Im Einklang mit der Rechtsprechung des Bundesverwaltungsgerichts (BVerwG) hat das OVG NRW darauf abgestellt, dass es bei der Grenzziehung zwischen Innen- und Außenbereich darum geht, inwieweit ein Grundstück zur Bebauung ansteht und sich aus dem tatsächlich Vorhandenen ein hinreichend verlässlicher Maßstab für die Zulassung weiterer Bebauung nach Art und Maß der baulichen Nutzung, der Bauweise und der überbaubaren Grundstücksfläche gewinnen lässt. Die wertende Betrachtung der konkreten tatsächlichen Verhältnisse kann sich angesichts dieser vom Gesetzgeber vorgegebenen Kriterien nur nach optisch wahrnehmbaren Merkmalen richten (so OVG NRW, Urteil vom 08.10.2018 − 10 A 1803/18, Rn. 36 f. unter Bezugnahme auf BVerwG, Urteile vom 22.03.1972 − 4 C 121.68 − und vom 12.10.1973 − 4 C 3.72 − sowie Beschluss vom 12.03.1999 − 4 B 112.98).

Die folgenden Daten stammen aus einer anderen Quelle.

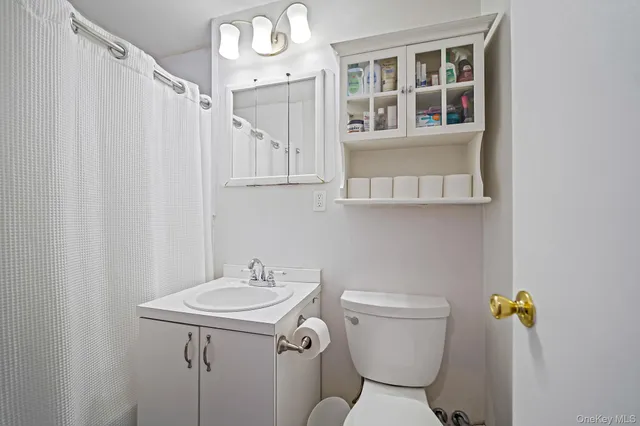 $229,000 | 460 Old Town Road, Unit 19H, Port Jefferson Station, NY 11776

In dem vom OVG NRW entschiedenen Fall grenzte der unbebaute rückwärtige Flurstücksteil zwar seitlich an das in voller Tiefe baulich genutzte Grundstück der Klägerin; im Übrigen war es jedoch von unbebauten Flächen umgeben. Selbst eine ringsum von Bebauung umgebene Freifläche, die so groß ist, dass sich ihre Bebauung nicht mehr als zwanglose Fortsetzung der vorhandenen Bebauung aufdrängt, und die deshalb nicht als Baulücke erscheint, liegt nicht innerhalb eines Bebauungszusammenhangs im Sinne des § 34 Abs. 1 BauGB. Sie ist deshalb bebauungsrechtlich als Außenbereich zu behandeln (OVG NRW, Urteil vom 08.10.2018 − 10 A 1803/18, Rn. 41 unter Bezugnahme auf BVerwG, Beschluss vom 15.09.2005 − 4 BN 37.05, Rn. 3).

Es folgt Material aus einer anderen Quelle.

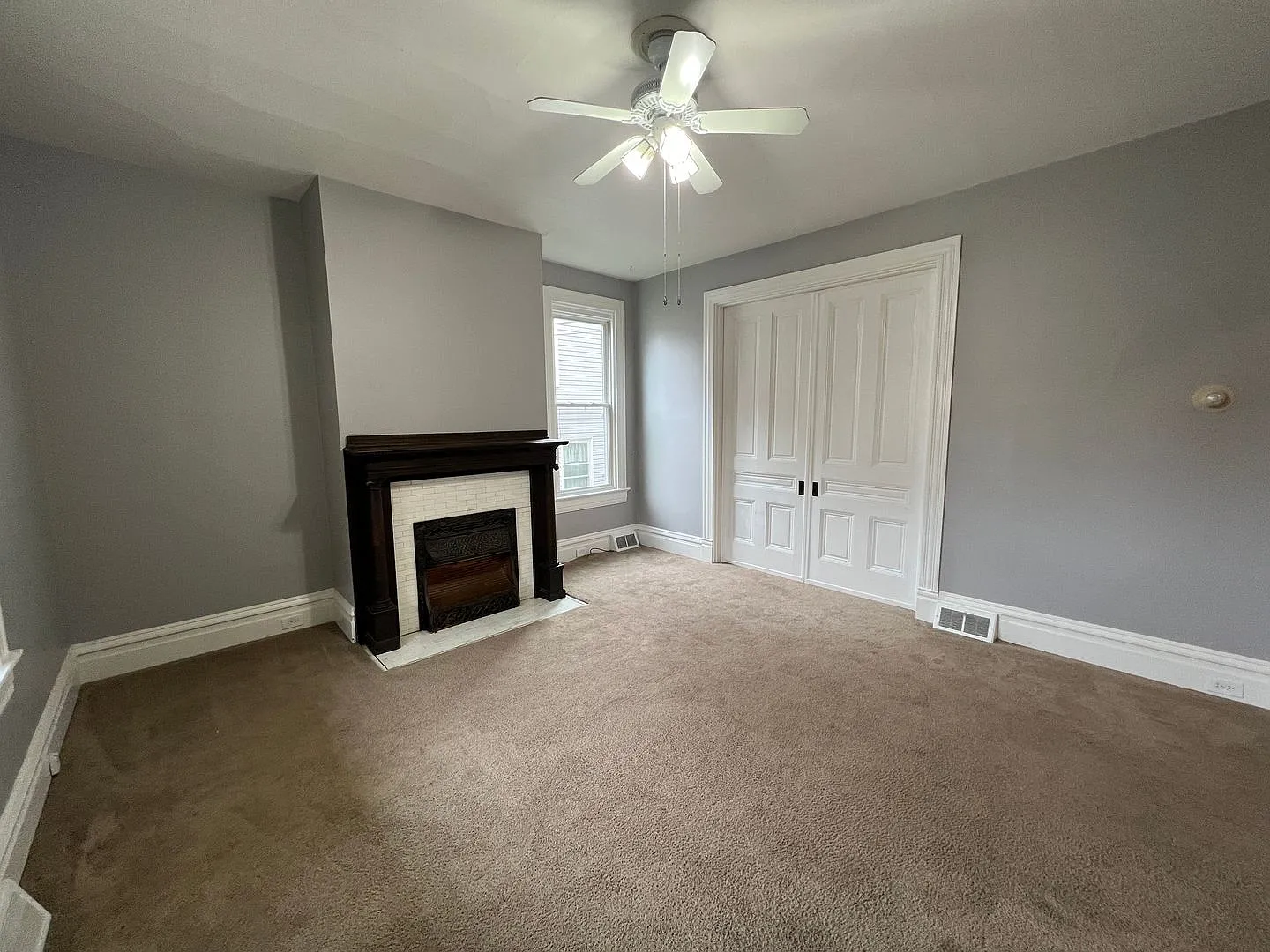 Carnegie - Large 1 BR Apartment, 1st Floor — Photo 2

Dies traf − so das OVG NRW − nach Auswertung der verfügbaren Luftbilder und Karten auf die zusammenhängenden unbebauten Flächen innerhalb des von Straßen umschlossenen Bereichs des entschiedenen Falles zu. Zu diesem Bereich gehörte auch der rückwärtige Teil des für die beabsichtigte Bebauung vorgesehenen Flurstücks (OVG NRW, Urteil vom 08.10.2018 − 10 A 1803/18, Rn. 43). Die Klägerin habe, wie das OVG NRW hinzufügt, keine Gesichtspunkte aufgezeigt, die zu einer anderen Bewertung führen könnten. Daher bedürfe es zur Abgrenzung des Innenbereichs vom Außenbereich auch keiner Ortsbesichtigung durch den Berichterstatter; die vorliegenden Erkenntnismittel böten hier eine ausreichende Grundlage für die Überzeugung des erkennenden Senats, dass der rückwärtige Bereich des in Rede stehenden Flurstücks dem Außenbereich zuzuordnen sei (OVG NRW, Urteil vom 08.10.2018 − 10 A 1803/18, Rn. 44).

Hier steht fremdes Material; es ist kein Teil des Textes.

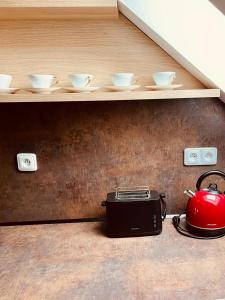 Ayni apartman的咖啡和沏茶工具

Daraus folgerte das OVG NRW, dass das Bauvorhaben auf dem im Außenbereich gelegenen Flurstücksteil als unzulässig anzusehen sei. Es beeinträchtige öffentliche Belange, weil es jedenfalls eine Zersiedlung des Außenbereichs im Sinne des § 35 Abs. 3 Satz 1 Nr. 7 BauGB befürchten lasse (OVG NRW, Urteil vom 08.10.2018 − 10 A 1803/18, Rn. 46 ff. unter Bezugnahme auf OVG NRW, Urteil vom 26.07.2018 − 10 A 2600/15, Rn. 38).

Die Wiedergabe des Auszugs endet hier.